Kate Sanderson inherited her good sense from her mother, a disciplined law professor, and her admiration for the Bard from her father, a passionate Shakespeare scholar. When she gets dumped, out of the blue, for the Practically Perfect Ashley Lawson, she vows never to fall in love again. From now on she will control her own destiny, and every decision she makes will be highly reasoned and rational. She thinks Shakespeare would have approved.
So when she is accepted to a summer Shakespeare symposium in Verona, Italy, Kate sees it as the ideal way to get over her heartbreak once and for all. She'll lose herself in her studies, explore ancient architecture, and eat plenty of pasta and gelato. (Plus, she'll be getting college credit for it—another goal accomplished!) But can even completely logical Kate resist the romance of living in a beautiful villa in the city where those star-crossed lovers Romeo and Juliet met and died for each other? Especially when the other Shakespeare Scholars—in particular Giacomo, with his tousled brown hair, expressive dark eyes, and charming ways—try hard to break her protective shell?
"In fair Verona, where we lay our scene . . . "
While this sounds like a lot of fun, and it is, I do think that perhaps Suzanne Harper has taken on too much with this novel. There are six main characters, but I don’t really think we get to know any of them. Kate is in the spotlight more than the rest, but still not very much. Because Harper has to divide the story between all six of them, their motivations and personalities, everything that makes a character seem real, is just explained rather than really shown–she takes the easy way out. As a reader, I didn’t feel close to any of the characters, and didn’t feel like I knew them well. They were not well-developed.

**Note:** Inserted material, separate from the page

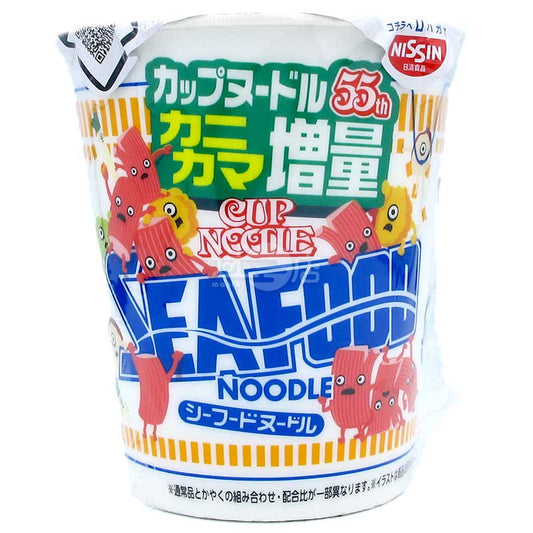 合味道 蟹味魚糕增量海鮮味杯麵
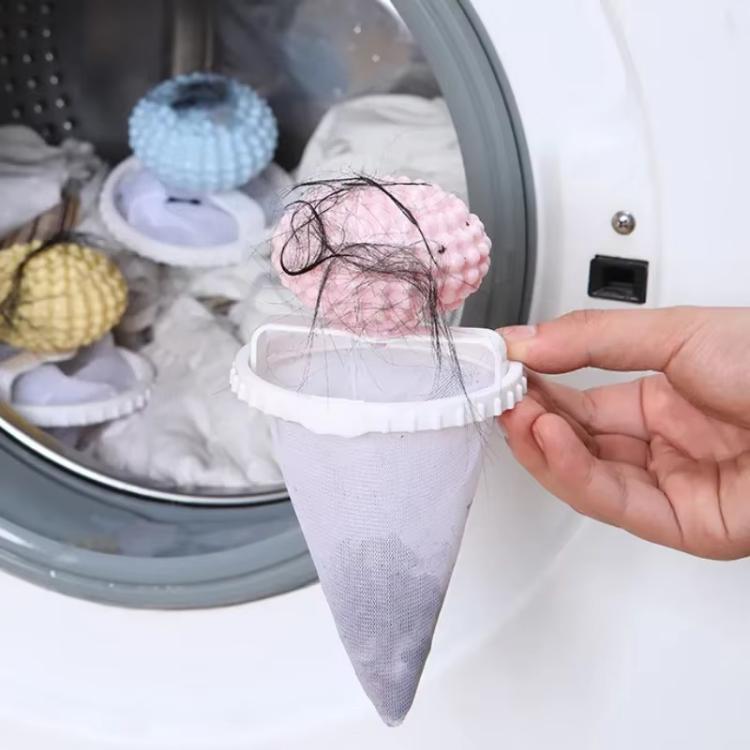 Hair Filter Bag Laundry Lint Catcher for Washing Machine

There’s some potential in this story, certainly. I do love books with fun settings, so a summer in Italy is perfect! However, this would have been a much better book if the author had focused on one of the couples, rather than all six characters, and let the reader really get to know them, switching viewpoints. This is making me wish for what might have been! With some changes, this could have been a great book rather than a mediocre one. Especially if the ending had been less tidy. Real life is rarely tidy.
The Juliet Club is enjoyable, but it could have been so much better.